_Your task_
Print out the data below in full and exactly, skipping the pictures.

*** Begin section ***

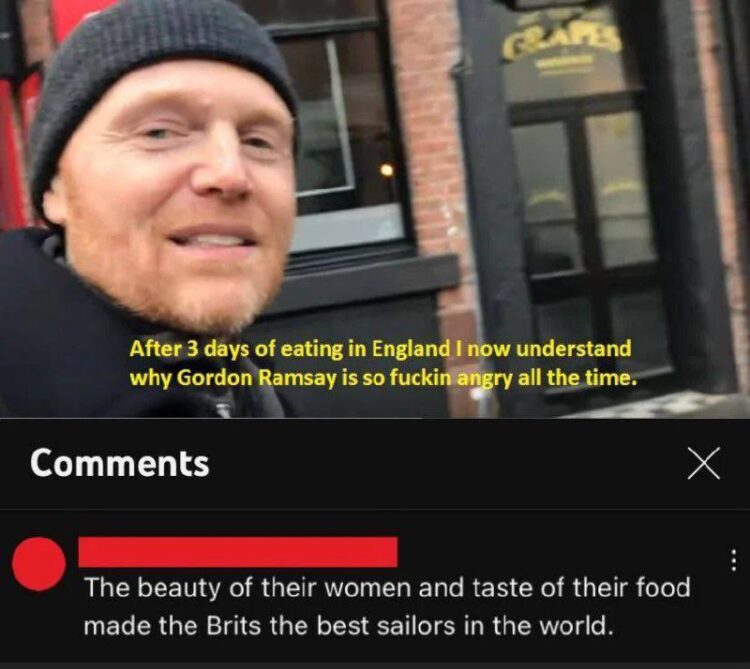 After 3 days eating in England I get why Gordon Ramsay is so angry 😂 British food struggle is real #relatable #meme.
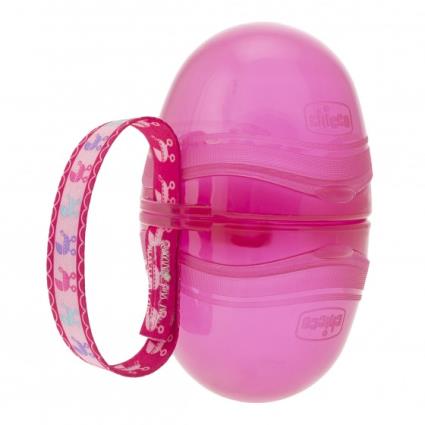 Porta chupetas duplo  rosa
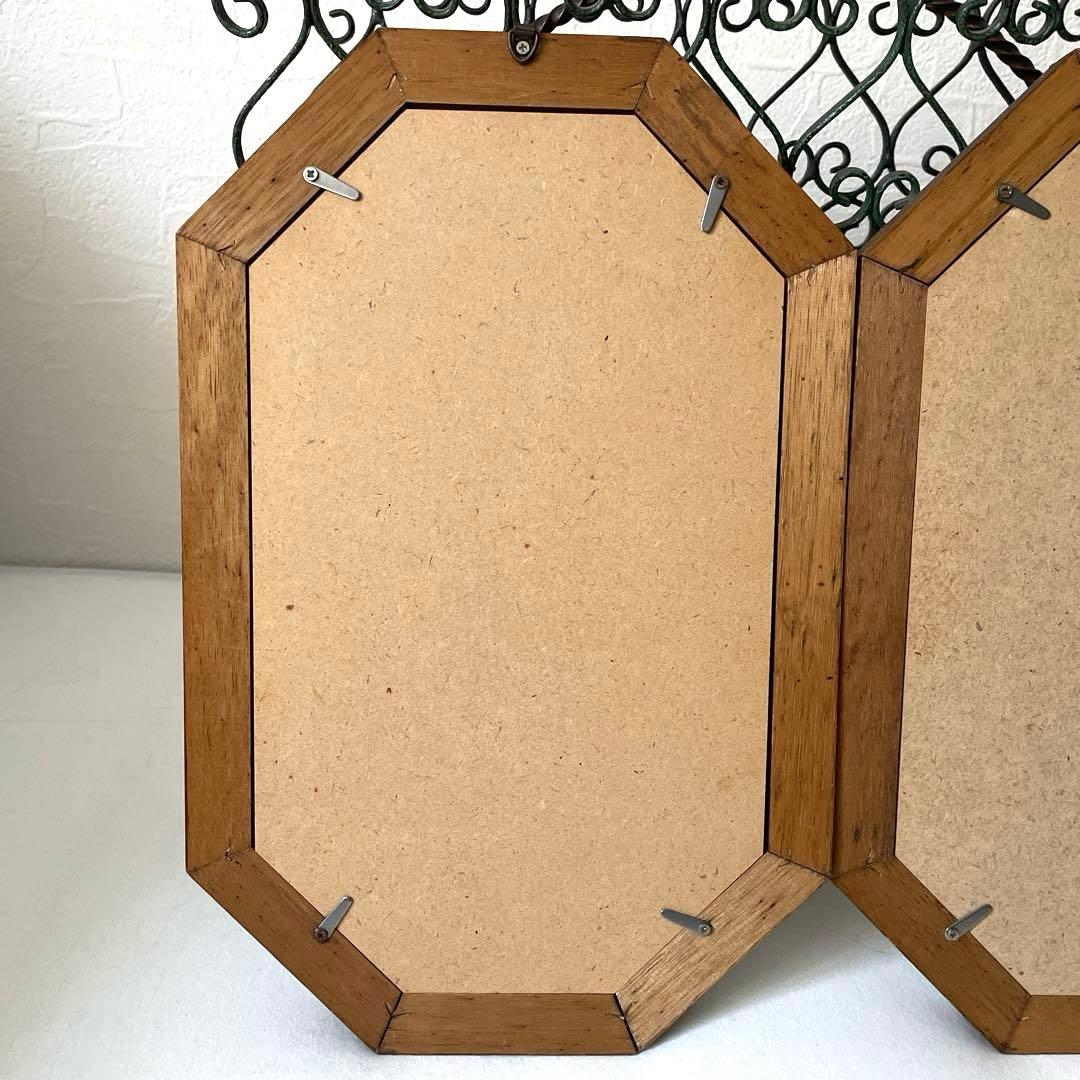 フランス製♡押し花アートフレーム♡幸せメッセージ入り♡ペア♡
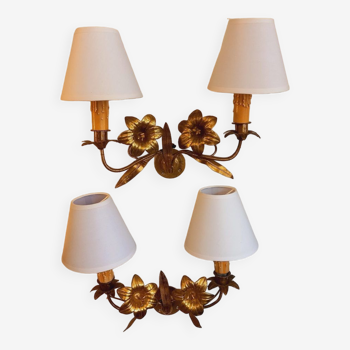 Flower wall lamps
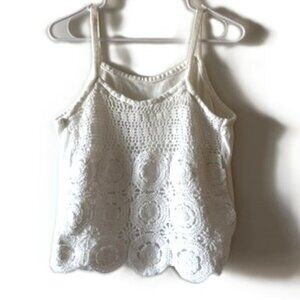 White Lace Tank Top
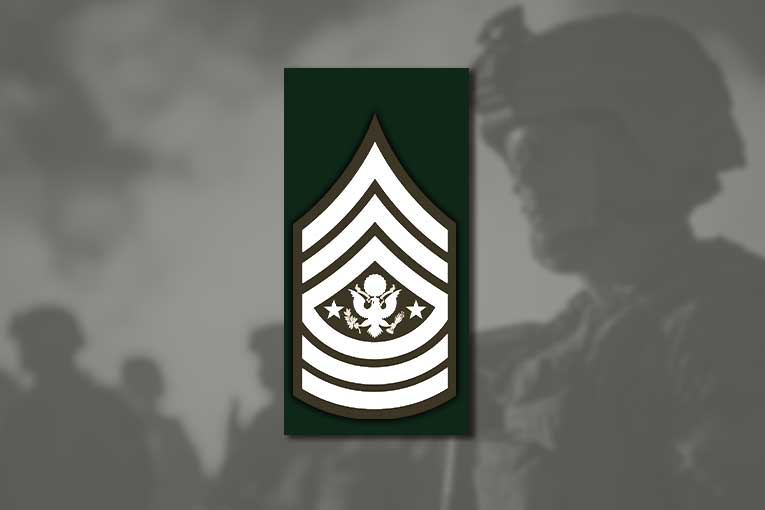 us army ranks sergeant major of the army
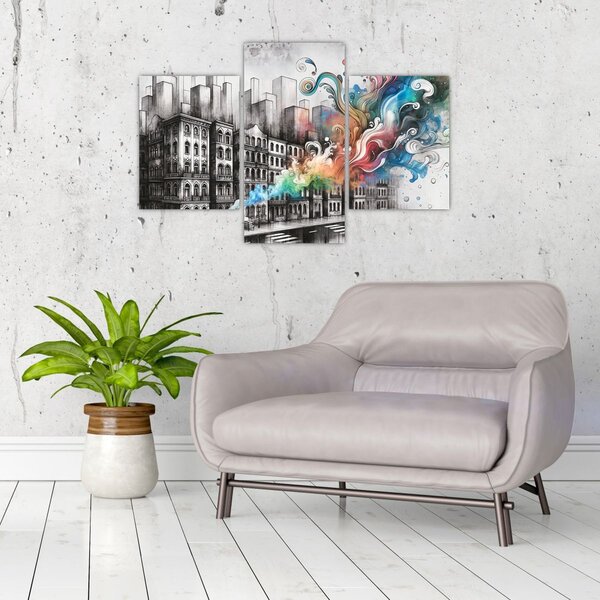 Slika - Industrijski život (90x60 cm)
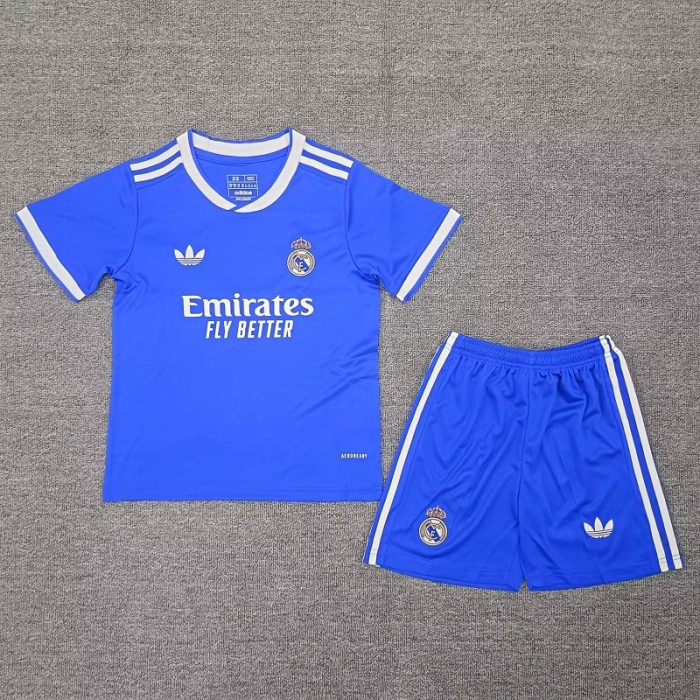 25/26 Real Madrid third kids kit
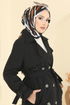 Trenchcoat 040OZT1013-MS Black - Thumbnail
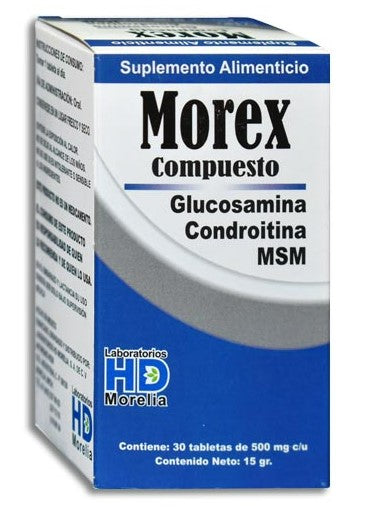 MOREX Compuesto c/30 TABS. 500 MG.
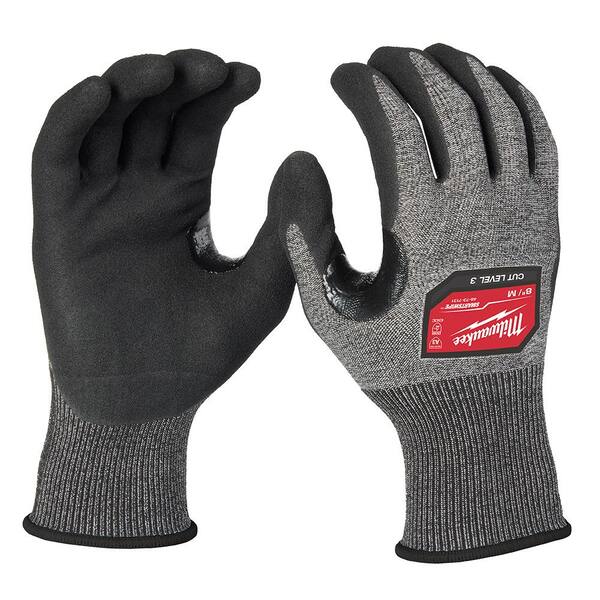 Milwaukee Medium High Dexterity Cut 3 Resistant Nitrile Dipped Outdoor and Work Gloves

*** End section ***

_Response to the task_
 After 3 days eating in England I get why Gordon Ramsay is so angry 😂 British food struggle is real #relatable #meme.
 Porta chupetas duplo  rosa
 フランス製♡押し花アートフレーム♡幸せメッセージ入り♡ペア♡
 Flower wall lamps
 White Lace Tank Top
 us army ranks sergeant major of the army
 Slika - Industrijski život (90x60 cm)
 25/26 Real Madrid third kids kit
 Trenchcoat 040OZT1013-MS Black - Thumbnail
 MOREX Compuesto c/30 TABS. 500 MG.
 Milwaukee Medium High Dexterity Cut 3 Resistant Nitrile Dipped Outdoor and Work Gloves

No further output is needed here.